◆ **TASK GOAL**
Please copy each line of the listing that includes the string "Park".

◆ **MATERIAL SUPPLIED**
--- START ---
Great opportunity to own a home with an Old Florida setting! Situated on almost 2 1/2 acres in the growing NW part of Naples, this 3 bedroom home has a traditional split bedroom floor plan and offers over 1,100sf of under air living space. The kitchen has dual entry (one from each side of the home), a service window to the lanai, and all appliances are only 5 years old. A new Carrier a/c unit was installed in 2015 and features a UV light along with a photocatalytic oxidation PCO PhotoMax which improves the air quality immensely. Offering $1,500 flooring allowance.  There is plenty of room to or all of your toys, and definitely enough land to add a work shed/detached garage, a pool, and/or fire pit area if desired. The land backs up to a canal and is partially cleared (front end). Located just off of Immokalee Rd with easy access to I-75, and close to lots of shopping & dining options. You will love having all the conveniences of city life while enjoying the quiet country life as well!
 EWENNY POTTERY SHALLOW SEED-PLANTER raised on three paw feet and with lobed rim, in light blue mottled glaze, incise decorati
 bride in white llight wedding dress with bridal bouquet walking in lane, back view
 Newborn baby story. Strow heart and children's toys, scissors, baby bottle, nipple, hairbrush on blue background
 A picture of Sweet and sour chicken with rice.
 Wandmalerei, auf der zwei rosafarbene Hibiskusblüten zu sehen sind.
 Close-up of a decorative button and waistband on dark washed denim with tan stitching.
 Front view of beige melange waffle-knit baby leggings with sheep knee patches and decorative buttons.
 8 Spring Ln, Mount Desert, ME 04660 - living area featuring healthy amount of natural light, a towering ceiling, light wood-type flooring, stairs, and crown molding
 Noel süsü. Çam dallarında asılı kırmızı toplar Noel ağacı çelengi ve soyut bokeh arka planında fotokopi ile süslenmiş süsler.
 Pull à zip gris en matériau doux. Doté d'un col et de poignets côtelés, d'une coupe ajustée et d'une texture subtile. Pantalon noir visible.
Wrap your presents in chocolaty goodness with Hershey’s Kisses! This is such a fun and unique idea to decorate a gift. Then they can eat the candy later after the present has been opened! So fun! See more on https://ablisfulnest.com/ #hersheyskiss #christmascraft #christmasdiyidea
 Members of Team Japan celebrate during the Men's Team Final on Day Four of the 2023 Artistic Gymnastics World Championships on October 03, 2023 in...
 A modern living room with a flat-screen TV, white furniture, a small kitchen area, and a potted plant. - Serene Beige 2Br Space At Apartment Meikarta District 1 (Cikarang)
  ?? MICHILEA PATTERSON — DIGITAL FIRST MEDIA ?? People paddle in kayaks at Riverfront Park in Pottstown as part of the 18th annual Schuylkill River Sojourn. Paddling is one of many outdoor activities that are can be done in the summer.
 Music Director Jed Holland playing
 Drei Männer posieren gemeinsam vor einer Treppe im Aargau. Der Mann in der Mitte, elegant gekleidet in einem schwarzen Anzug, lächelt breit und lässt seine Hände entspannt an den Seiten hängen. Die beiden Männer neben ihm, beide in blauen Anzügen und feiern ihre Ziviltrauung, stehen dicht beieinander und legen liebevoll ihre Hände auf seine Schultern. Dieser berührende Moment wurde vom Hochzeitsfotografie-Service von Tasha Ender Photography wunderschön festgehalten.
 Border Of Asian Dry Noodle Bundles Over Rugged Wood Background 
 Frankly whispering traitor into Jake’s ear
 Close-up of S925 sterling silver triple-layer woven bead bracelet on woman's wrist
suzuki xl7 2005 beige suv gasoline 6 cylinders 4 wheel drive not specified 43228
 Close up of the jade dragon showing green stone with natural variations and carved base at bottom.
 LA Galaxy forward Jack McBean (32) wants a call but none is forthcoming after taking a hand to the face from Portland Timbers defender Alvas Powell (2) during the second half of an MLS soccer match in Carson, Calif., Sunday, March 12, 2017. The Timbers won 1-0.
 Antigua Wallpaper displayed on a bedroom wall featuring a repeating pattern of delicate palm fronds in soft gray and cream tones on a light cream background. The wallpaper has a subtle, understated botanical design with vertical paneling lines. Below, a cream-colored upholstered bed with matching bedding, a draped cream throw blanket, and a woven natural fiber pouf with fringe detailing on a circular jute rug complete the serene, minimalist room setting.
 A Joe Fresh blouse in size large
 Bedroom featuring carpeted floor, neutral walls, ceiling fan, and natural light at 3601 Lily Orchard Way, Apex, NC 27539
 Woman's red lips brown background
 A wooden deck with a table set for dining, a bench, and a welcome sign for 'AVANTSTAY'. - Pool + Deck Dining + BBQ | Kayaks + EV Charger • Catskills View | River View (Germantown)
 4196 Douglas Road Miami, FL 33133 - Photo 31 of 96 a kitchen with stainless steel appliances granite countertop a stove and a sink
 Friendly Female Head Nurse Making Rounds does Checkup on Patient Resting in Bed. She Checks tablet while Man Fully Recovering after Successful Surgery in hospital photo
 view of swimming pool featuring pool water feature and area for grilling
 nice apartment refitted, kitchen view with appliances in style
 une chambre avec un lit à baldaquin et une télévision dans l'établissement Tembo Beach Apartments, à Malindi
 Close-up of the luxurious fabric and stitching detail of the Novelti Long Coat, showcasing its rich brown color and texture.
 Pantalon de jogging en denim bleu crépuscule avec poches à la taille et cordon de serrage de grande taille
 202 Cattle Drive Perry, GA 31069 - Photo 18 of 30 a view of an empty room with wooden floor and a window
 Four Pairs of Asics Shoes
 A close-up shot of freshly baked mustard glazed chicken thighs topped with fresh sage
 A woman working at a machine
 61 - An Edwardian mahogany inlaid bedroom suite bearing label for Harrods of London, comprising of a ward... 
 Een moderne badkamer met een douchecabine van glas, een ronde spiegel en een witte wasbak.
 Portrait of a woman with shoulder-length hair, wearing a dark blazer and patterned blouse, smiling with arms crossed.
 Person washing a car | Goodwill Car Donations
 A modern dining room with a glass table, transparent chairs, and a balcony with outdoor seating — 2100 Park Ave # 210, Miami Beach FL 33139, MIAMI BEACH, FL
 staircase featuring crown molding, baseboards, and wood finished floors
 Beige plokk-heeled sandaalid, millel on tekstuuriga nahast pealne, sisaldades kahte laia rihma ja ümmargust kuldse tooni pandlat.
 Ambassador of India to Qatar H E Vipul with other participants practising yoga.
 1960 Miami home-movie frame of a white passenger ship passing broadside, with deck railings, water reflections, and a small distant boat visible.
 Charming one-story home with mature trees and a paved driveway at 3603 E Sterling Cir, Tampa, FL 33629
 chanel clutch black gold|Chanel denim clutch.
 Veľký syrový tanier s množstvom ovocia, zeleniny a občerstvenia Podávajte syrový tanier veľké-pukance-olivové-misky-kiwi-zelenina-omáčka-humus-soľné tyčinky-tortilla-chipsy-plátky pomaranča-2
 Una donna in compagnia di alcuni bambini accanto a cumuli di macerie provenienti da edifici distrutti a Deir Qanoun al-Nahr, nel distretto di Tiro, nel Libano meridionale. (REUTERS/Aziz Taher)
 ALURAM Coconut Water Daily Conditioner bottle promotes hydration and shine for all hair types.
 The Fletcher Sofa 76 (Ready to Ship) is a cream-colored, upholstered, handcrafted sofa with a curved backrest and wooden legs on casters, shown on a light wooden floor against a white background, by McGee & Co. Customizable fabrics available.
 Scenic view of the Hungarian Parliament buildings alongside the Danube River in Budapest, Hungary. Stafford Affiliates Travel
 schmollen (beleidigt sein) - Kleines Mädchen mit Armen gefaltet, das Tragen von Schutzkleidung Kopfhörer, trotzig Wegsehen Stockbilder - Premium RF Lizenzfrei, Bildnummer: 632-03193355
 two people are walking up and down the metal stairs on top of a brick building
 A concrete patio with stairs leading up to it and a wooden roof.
--- END ---
◆ **ANSWER SECTION**
  ?? MICHILEA PATTERSON — DIGITAL FIRST MEDIA ?? People paddle in kayaks at Riverfront Park in Pottstown as part of the 18th annual Schuylkill River Sojourn. Paddling is one of many outdoor activities that are can be done in the summer.
 A modern dining room with a glass table, transparent chairs, and a balcony with outdoor seating — 2100 Park Ave # 210, Miami Beach FL 33139, MIAMI BEACH, FL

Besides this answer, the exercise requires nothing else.